I will never fly standby again, if I can avoid it – at least by myself. It involves too much waiting around and wondering if your name will be called or if you'll have to wait until the next day for the next flight. This would be much more tolerable if there were friends waiting with you. So I would recommend to have travel companions if you choose to fly standby.
That being said, I did make it on my designated flight, and got to sit next to two very kind older gentlemen. It was an overnight flight, so after the few hours of sleep I was able to snatch we arrived in Dublin. I got a lovely sunrise view of Ireland's west coast!

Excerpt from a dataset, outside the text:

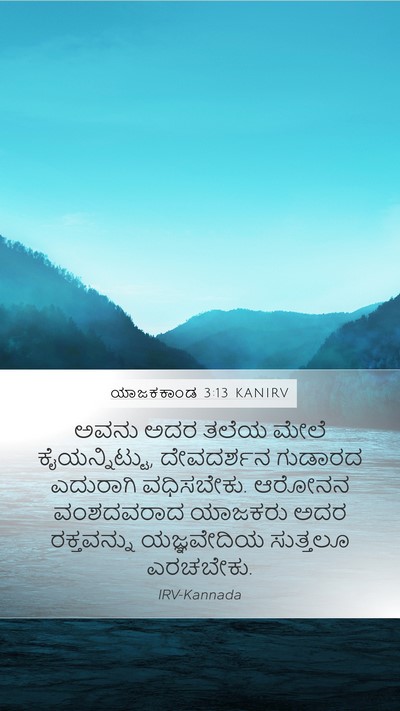 ಯಾಜಕಕಾಂಡ 3:13 KANIRV Bible Verse Image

|Watching the sun rise over Ireland.|
Definitely a perk of overnight flights.
It was early afternoon by the time I got out of the airport and hopped on a bus going into the city to meet Lauren. I only brought my new 20x16 rolling suitcase and a small backpack because I like to travel very light, and this came in handy when Lauren and I walked back to her apartment from the bus stop.

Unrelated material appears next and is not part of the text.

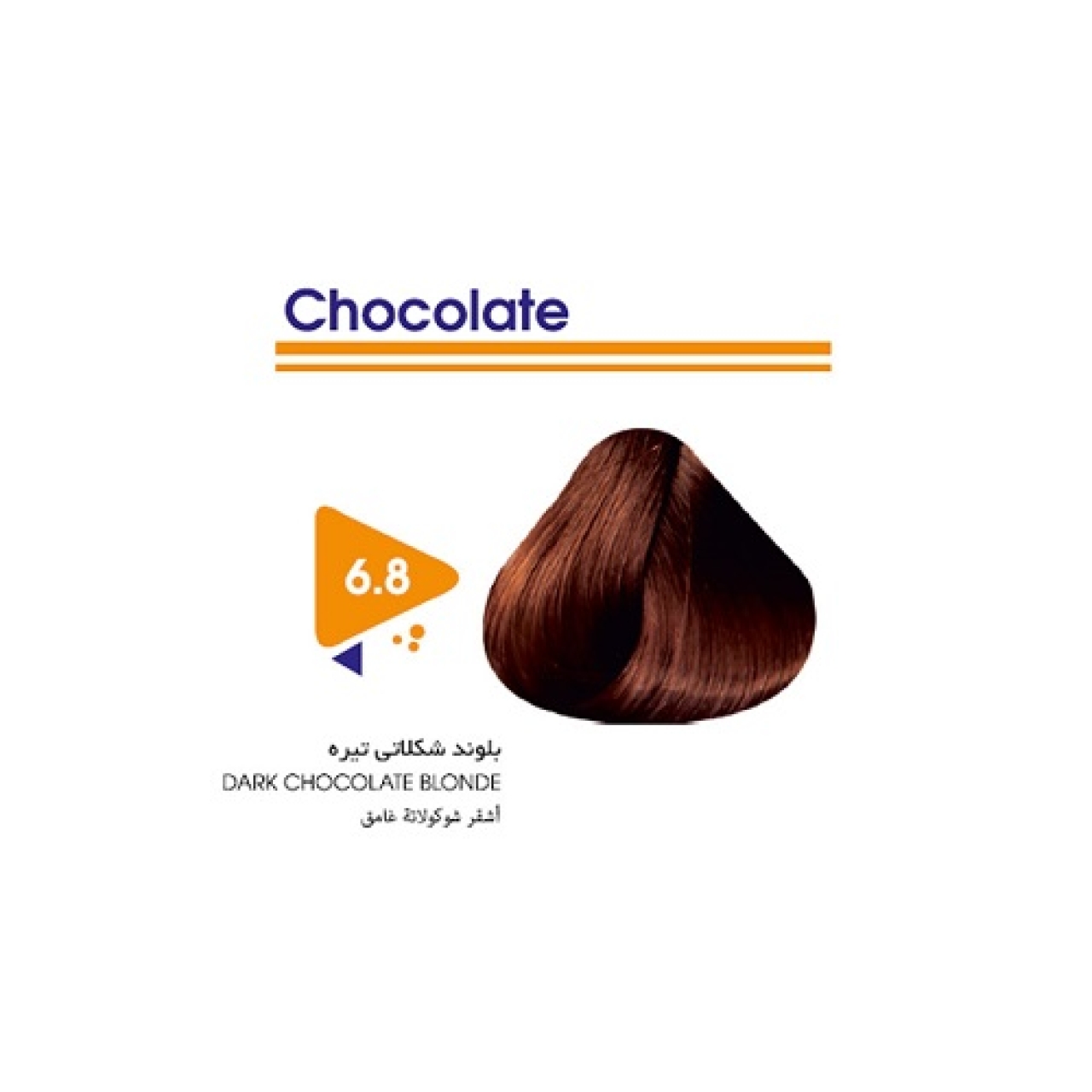 رنگ مو بلوند شکلاتی تیره ویتامول شماره 8-6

Being that I hadn't had lunch yet, we went straight back out again. It felt like we walked all over Dublin! But really it was mostly shopping on Grafton street... And Lauren surprised me by taking me to a play in the top of Bewley's Oriental Cafe! It was part of my graduation present from her. It was a one-man show about mid-twentieth century Dublin, and it included a delicious discounted lunch of soup with bread.

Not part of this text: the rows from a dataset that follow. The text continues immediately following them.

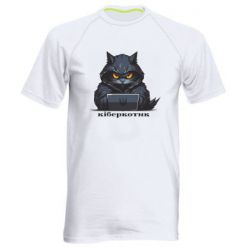 Мужские спортивные футболки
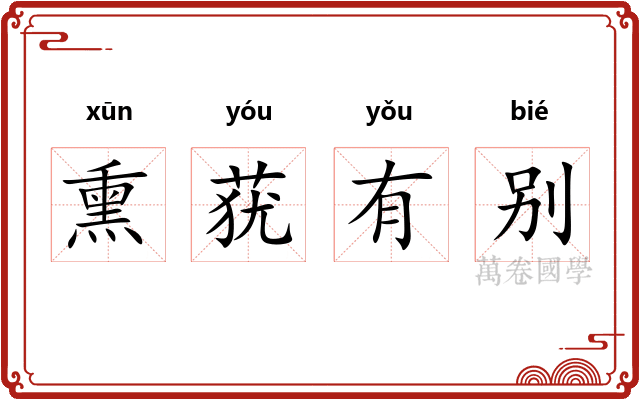 熏莸有别 熏莸有别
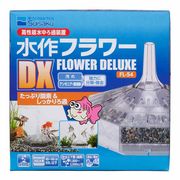 [水作]水作フラワーDX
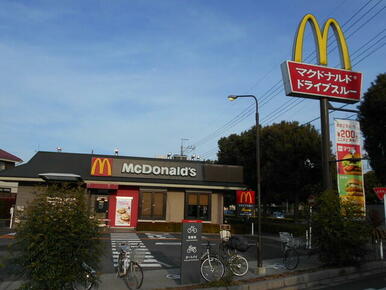 ★マクドナルド東八道路牟礼店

|The picturesque Victorian Bewley's Cafe!|
|Lauren spoiling me. :)|
We went down to the next floor to have some dessert: an enormous berry scone with coffee and tea. There was something quite Victorian about Bewley's, with all of the dark polished wood and potted palm plants. It has been around since 1840, so that's probably why.
|The atmospheric interior of Bewley's. Including the counter where you can buy tea and scones to bring home!|
|Everywhere we went in Ireland I saw enormous scones!|
I'd say these are proper scones.
Then we went to the Little Museum of Dublin, and had a very entertaining guide who told us some stories about Dublin's history. Admission is 8 Euros for most visitors, 6 Euros for students. The museum was filled with mementos from Dublin, lots of them from before and during the Easter Rising in 1916 and Irish Independence in 1921, then going all the way up to U2 memorabilia.
|The elegant Georgian facade of the Little Museum of Dublin in the daylight.|
|That delightful green door at night.|
The Museum is right across from St Stephen's Green, so we took a walk through the park there and found the bridge! To me this bridge is famous for appearing in Leap Year with Amy Adams and Matthew Goode... ;) But it is certainly beautiful in its own right! During the Museum tour we were told that during the 1916 Rising, members of the ICA (Irish Citizen Army) dug trenches in the Green. The park was so beautiful, that it was hard to imagine such a traumatic struggle taking place there.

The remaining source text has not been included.